## Exercise data
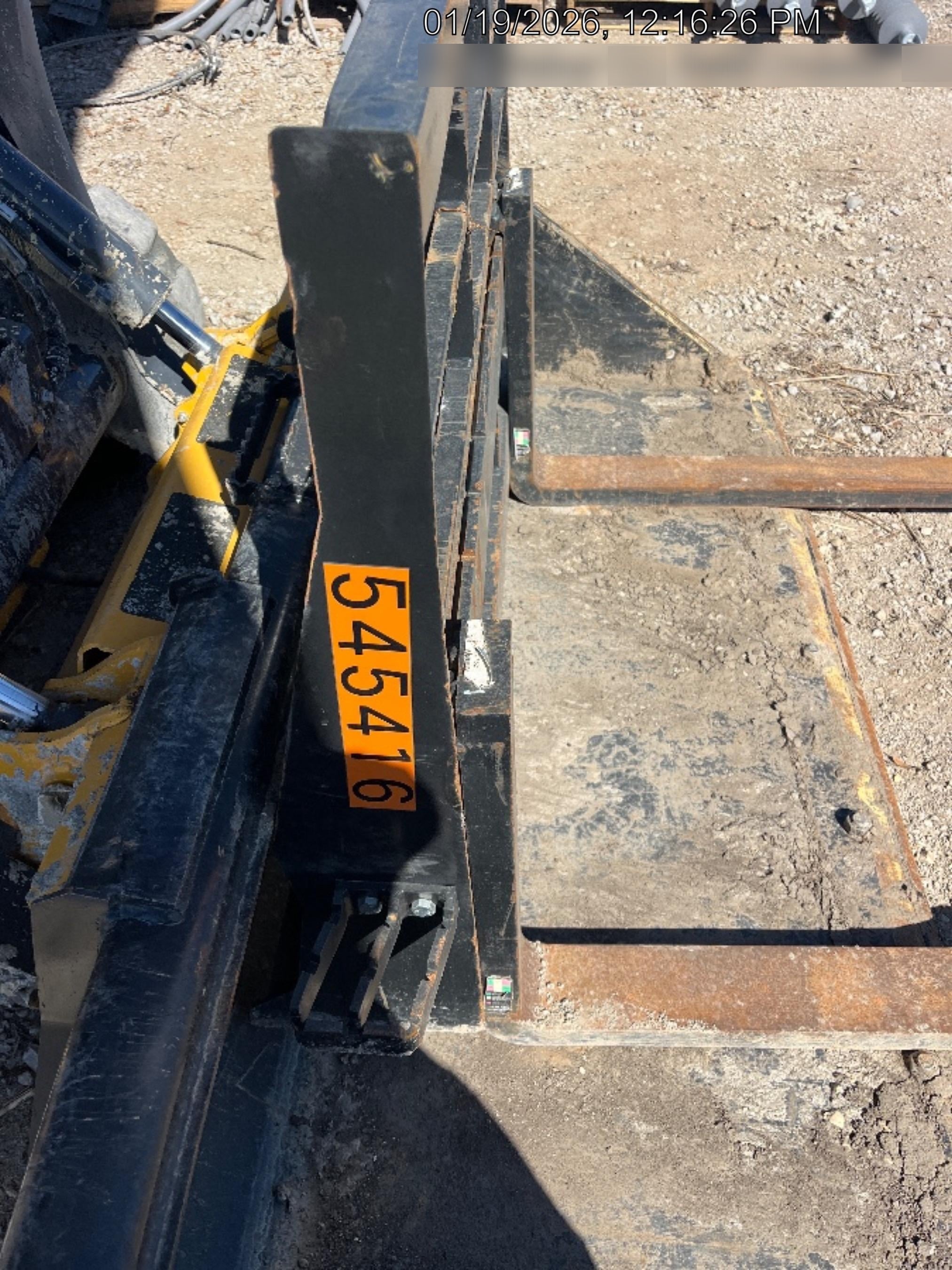 2025 ARROW MATERIAL HANDLING F5100CB - 72"
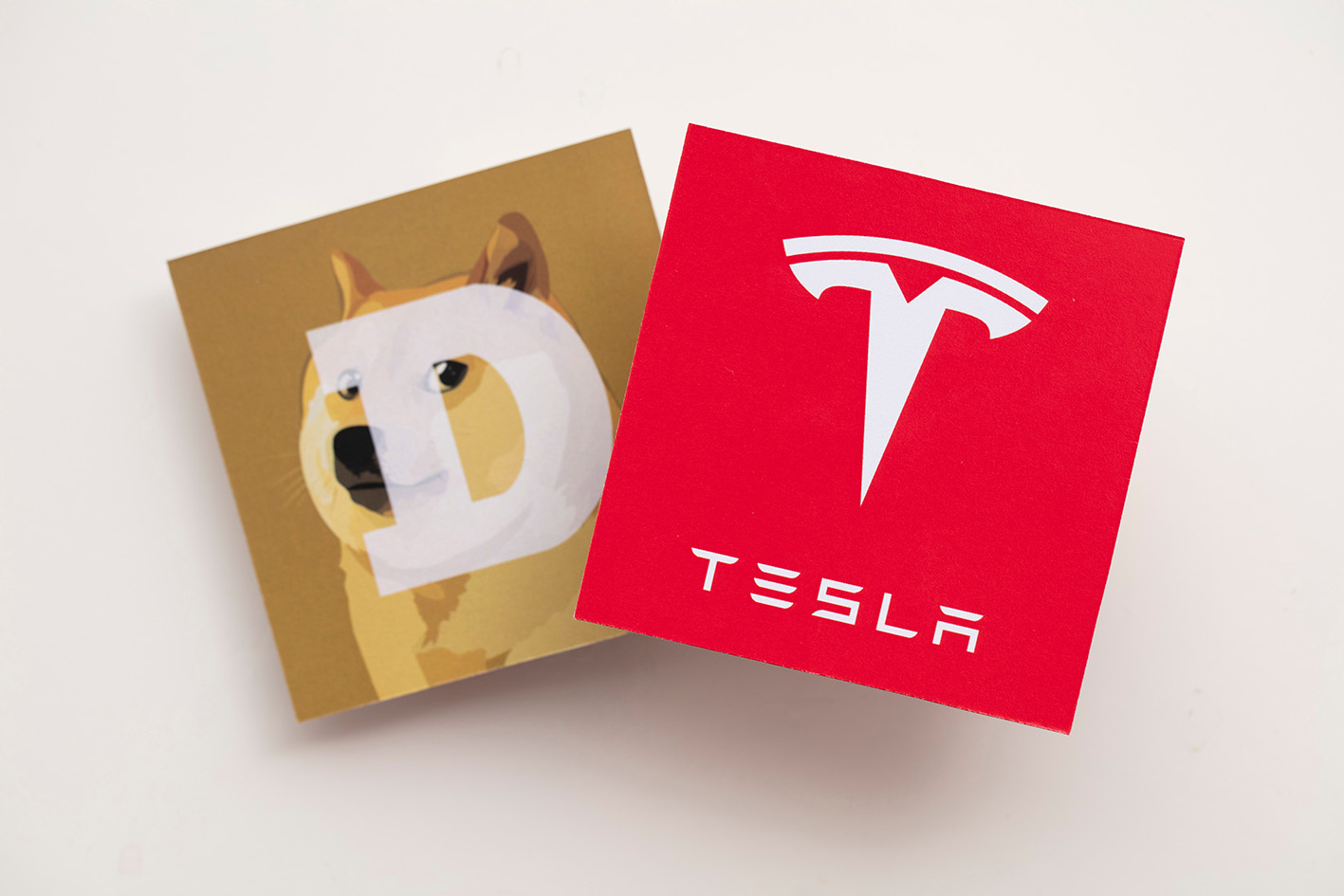 Ηλεκτρικό όχημα Tesla και κρυπτονόμισμα dogecoin.
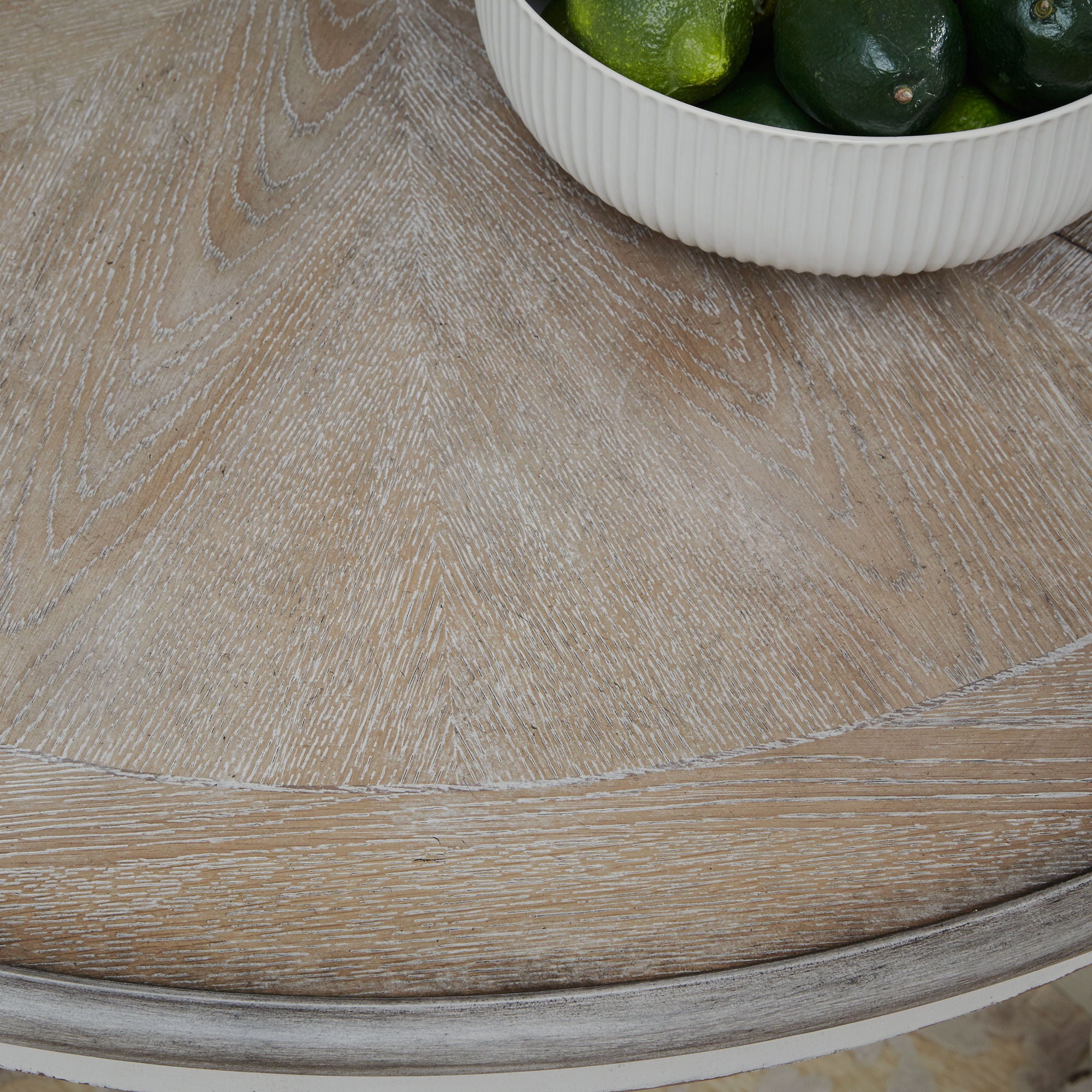Magnolia Manor - Pedestal Table Set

## Your assignment
Leaving out only the pictures, return the material above unchanged.

## Solution
 2025 ARROW MATERIAL HANDLING F5100CB - 72"
 Ηλεκτρικό όχημα Tesla και κρυπτονόμισμα dogecoin.
Magnolia Manor - Pedestal Table Set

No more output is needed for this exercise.